April 5th, 2013 by dk

I wrote an essay for this space five years ago regarding gay marriage, asking Oregon to extend domestic partnerships to heterosexual couples. I argued that the stigma of “separate but equal” was real and that the state could end its contribution cleanly. I wrote, “As long as the domestic partnership license is ‘in all ways legally equivalent’ to marriage, then the state’s needs are met. Government can step aside and let the churches, synagogues, and mosques sort out who can be married and who can’t.”

Much has changed in five years.

Gay marriage is now allowed in nine states. Public opinion points toward increasing acceptance. TIME Magazine’s cover this week displayed two men close up for a kiss, with a headline that claims the battle is already won. The Supreme Court literally held court on the topic last week.
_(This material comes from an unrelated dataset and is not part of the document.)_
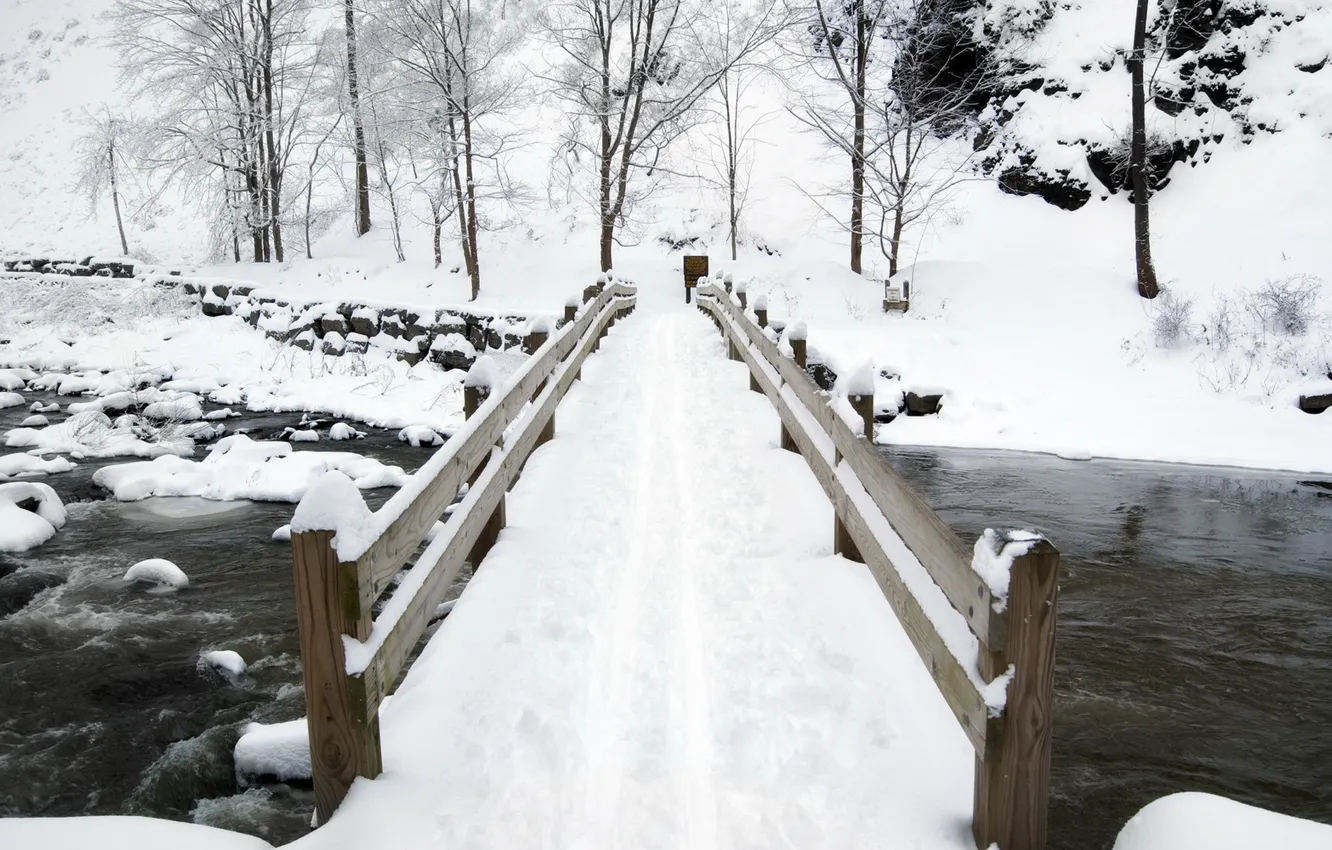 Photo wallpaper winter, bridge, river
Attitudes are shifting quickly and our language is not quite keeping up, making the judges’ work extremely difficult.

Society is held together by laws, but laws rely on language. In the span of two generations, the word “gay” has shifted from favorable (meaning happy) to unfavorable (homosexual) to neutral (homosexual).

While gay pride parades were deliberately remaking the word “gay,” we failed to notice that “marriage” transforming itself in equally radical ways.
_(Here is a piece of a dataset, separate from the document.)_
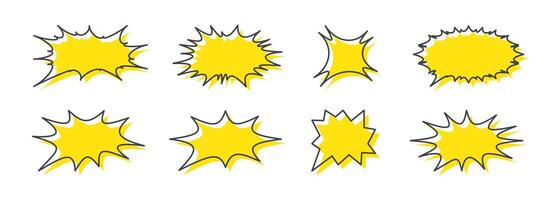 Chat Yellow Icons Collection. Speech Bubble Symbols Represent Messages vector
When America’s economy was mostly agrarian, marriage conveyed property. Property and economic security were inseparable. Every partner was a business partner. Divorce was rare, at least in the working classes, because the specter of destitution was real.

Families worked their land for sustenance. Children were raised to provide more hands. Families were large out of economic necessity. Children — the ones who survived — cared for their family’s elders. When the children were unwilling or unable to care for the exiting generation, outcomes sometimes became gruesome.

After the Great Depression, our nation mobilized its resources to form a bulwark against the horror of elders literally starving to death. President Franklin Roosevelt promised social security to America. We agreed, and those two words became capitalized. With it, the nation began collectivizing elder care.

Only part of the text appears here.